Die Akzeptanzrate von Originalartikeln, die von englischen Muttersprachlern geschrieben wurden, ist höher als die der Nicht-Muttersprachler. Sicherlich liegt das nicht an der Qualität der Forschung, sondern an der der sprachlichen Datenpräsentation. Aber wie ist definiert, ob ein Artikel „well written“ ist? Laut eines Editorials von R. Coates et al. ist das entscheidende Kriterium die Klarheit. Lesen Sie also hier, welche sprachlichen Probleme und Fehler die Klarheit in einem Originalartikel, der von deutschen Autoren und Autorinnen geschrieben wurde, am meisten beeinträchtigen.

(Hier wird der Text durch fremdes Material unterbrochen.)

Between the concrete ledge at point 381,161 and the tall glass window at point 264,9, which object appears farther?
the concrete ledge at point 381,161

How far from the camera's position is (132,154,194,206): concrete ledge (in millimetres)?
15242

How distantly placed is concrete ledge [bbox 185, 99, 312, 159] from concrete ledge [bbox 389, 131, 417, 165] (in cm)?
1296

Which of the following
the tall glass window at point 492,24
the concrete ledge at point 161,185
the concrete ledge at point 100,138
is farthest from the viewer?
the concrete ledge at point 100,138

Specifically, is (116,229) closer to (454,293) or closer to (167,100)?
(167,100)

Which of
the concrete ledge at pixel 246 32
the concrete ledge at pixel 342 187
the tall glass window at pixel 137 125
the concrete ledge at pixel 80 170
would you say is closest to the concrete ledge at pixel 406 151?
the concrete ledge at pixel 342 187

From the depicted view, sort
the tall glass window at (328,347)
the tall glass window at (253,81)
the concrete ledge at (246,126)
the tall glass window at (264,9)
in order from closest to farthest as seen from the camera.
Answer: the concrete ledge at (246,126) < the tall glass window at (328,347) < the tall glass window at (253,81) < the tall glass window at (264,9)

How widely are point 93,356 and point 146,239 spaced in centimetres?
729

Zwar gibt es keinen linearen Zusammenhang zwischen der Gesamtfehlerquote in einem Originalartikel und seiner Akzeptanz. Andererseits haben laut einer Untersuchung von Coates et al. [1] Nationalitäten mit einer niedrigen Fehlerquote (amerikanische und britische Autoren mit 21,9 und 23,1 Fehlern pro Artikel) eine höhere Akzeptanzrate (31,8 %; 29 %) als andere Länder, wie etwa Italien (Fehlerquote 48,6; Akzeptanz: 9%). Die verschiedenen sprachlichen Fehler im Originalartikel haben eines gemeinsam: Sie beeinträchtigen die Klarheit des Papers.

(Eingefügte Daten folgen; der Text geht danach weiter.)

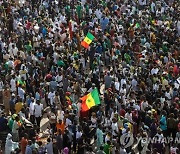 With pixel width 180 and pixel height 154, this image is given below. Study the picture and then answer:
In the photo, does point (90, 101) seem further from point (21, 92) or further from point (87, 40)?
point (87, 40)

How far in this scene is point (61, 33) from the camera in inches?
848

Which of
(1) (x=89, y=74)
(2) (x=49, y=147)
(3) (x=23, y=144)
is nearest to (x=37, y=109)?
(3) (x=23, y=144)

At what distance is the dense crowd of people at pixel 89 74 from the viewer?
13914 millimetres

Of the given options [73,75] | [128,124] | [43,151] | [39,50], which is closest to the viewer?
[43,151]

Das sind die sprachlichen Probleme, die die Klarheit eines wissenschaftlichen Originalartikels am häufigsten beeinträchtigen:

  • Grammatikfehler (Passiv, Zeitformen, allg. Grammatikfehler)
  • Syntaxfehler (Satzlänge, Satzbau)
  • Fehler in der Wortwahl (Jargon, Hauptwörterei)

Grammatikfehler

Passiv: Ein hoher Anteil passiver Formulierungen kann die Klarheit eines wissenschaftlichen Textes direkt oder indirekt beeinträchtigen. Da im Passiv das Subjekt, der „Täter“, nicht eindeutig benannt werden muss (it has been found) entsteht oft eine Grauzone, die dem Leser verschiedene Interpretationen erlaubt. Zusätzlich wirken passive Formulierungen oft sehr distanziert und unpersönlich, was die allgemeine Aufmerksamkeit beim Lesen schmälert.

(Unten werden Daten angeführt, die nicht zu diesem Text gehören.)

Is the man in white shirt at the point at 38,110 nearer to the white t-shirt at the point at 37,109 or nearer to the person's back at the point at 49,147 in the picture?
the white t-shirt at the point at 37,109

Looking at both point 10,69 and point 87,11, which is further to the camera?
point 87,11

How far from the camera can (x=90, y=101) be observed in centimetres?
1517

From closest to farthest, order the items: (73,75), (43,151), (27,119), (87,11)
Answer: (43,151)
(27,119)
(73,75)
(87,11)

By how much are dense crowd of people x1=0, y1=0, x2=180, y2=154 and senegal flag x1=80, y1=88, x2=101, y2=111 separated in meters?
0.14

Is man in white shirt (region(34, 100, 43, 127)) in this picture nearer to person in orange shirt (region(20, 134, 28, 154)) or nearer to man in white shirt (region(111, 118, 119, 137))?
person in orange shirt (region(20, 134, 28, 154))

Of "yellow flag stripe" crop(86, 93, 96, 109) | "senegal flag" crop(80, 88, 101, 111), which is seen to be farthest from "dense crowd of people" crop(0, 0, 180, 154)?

Deutsche Autoren und Autorinnen hatten in der Untersuchung von Coates et al. [1] mit 0,97 das höchste Passiv-zu-Aktiv-Verhältnis, gefolgt von den französischen (0,84) und italienischen Autoren (0,79). Am geringsten war dieses Verhältnis bei amerikanischen und schwedischen Autoren (beide 0,58).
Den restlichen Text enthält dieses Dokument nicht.